Input data:
=== Section Start ===
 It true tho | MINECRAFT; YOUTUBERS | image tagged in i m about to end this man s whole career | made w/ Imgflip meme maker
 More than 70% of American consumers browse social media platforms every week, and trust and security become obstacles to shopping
=== Section End ===
=== Section Start ===
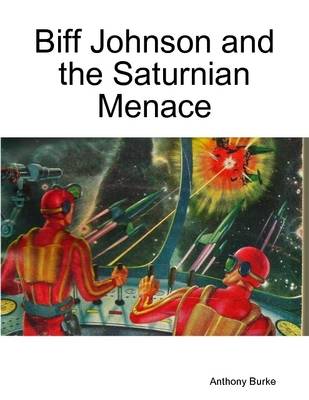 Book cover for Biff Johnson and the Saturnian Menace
=== Section End ===
In the listing above, start at the line with "It true tho", go on through the line with "More than 70%", and copy each of those lines exactly; leave out all the rest.

Response to this exercise:
 It true tho | MINECRAFT; YOUTUBERS | image tagged in i m about to end this man s whole career | made w/ Imgflip meme maker
 More than 70% of American consumers browse social media platforms every week, and trust and security become obstacles to shopping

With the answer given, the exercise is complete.